Keeping up with the Korero

Kia kaha te reo Māori

Publish Date : 12 Sep 2019
Keeping up with the Korero
Around 5000 people took part in Hīkoia te Kōrero events last year in Auckland

Every New Zealander can help strengthen the Māori language simply by using it. That’s the theme of this year’s Te Wiki o Te Reo Māori / Māori Language Week.

To learn more, OurAuckland talked to three Aucklanders who have done their bit to revitalise te reo:

"Te reo Māori is everywhere"

In 1984, a Māori telephone operator by the name of Naida Glavish found herself embroiled in controversy because she used ‘kia ora’ to greet callers to the Post Office, where she worked. Chastised by her manager, who wanted English-only greetings, Glavish was almost fired, but support from around Aotearoa (and intervention by then-prime minister Robert Muldoon) saved her job and put the Māori greeting firmly in the spotlight. Now, Glavish is a dame, kia ora is ubiquitous and the language is undergoing a revival supported by both Māori and Pākehā.
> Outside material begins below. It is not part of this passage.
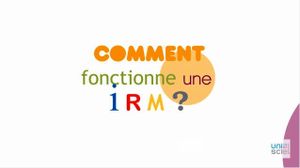 Comment fonctionne une IRM ?
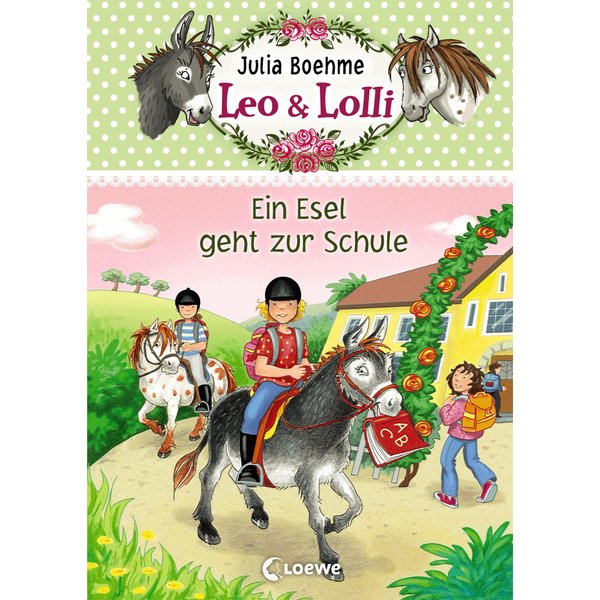 Leo & Lolli (Band 3) - Ein Esel geht zur Schule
“The language is unique to this place that we share as our home,” says Hēmi Kelly, a Māori language lecturer at Te Wānanga Aronui o Tāmaki Makau Rau / AUT University.

“It’s in our place names, tree names and bird names. It’s more present than we sometimes realise. We have to sit back and go, ‘Actually, te reo Māori is everywhere.’”

Kelly began learning te reo in high school because he wanted to connect more to his own identity. “It grew into a love. I met others with the same passion, and now through teaching I’m able to share what I’ve learned with people in the same position I was.”

He says Māori courses at the university are bursting at the seams. It’s had waiting lists for the past two years.

Starting young

Amy Norrish, from Mount Albert, undertook a course in Māori at Te Whare Wānanga o Wairaka / Unitec last year and says it’s really important as a New Zealander to have a certain standard of reo.

She signed up partly to set an example for her kids, aged 4 and 8.

“I noticed I was even falling behind my young children. The Māori language they get at kindergarten is quite amazing.”

The course was an eye-opener, and not just because of the subject.

“When we had the celebration at the end, I sat across from two much older Māori women who were talking about how wonderful it was to see such a variety of people there who thought it was important to learn.”

Building confidence

Numerous reo Māori courses are on offer in Tāmaki Makaurau, and writer Alice Neville did one a few years back.

“A few of my workmates enrolled in a course at Te Wānanga o Aotearoa. When I said I’d always wanted to do that, they enrolled me, too.”

Now she does one night a week, and although she isn’t fluent, she recently plucked up the courage to have a kōrero with two Māori-speaking strangers in a bar.

Learn te reo your way

Te Kaunihera o Tāmaki Makaurau / Auckland Council offers staff 10- week courses for beginners, and there’s an app for them called Kete Kōrero.

The council is also working with mana whenua and local boards on a programme called Te Kete Rukuruku, which aims to add names significant to Māori to local parks and community places.

The only way to keep te reo Māori alive is to keep using it.

As this year’s Te Wiki o Te Reo Māori theme says, “Kia kaha te reo Māori / Let’s make the Māori language strong.”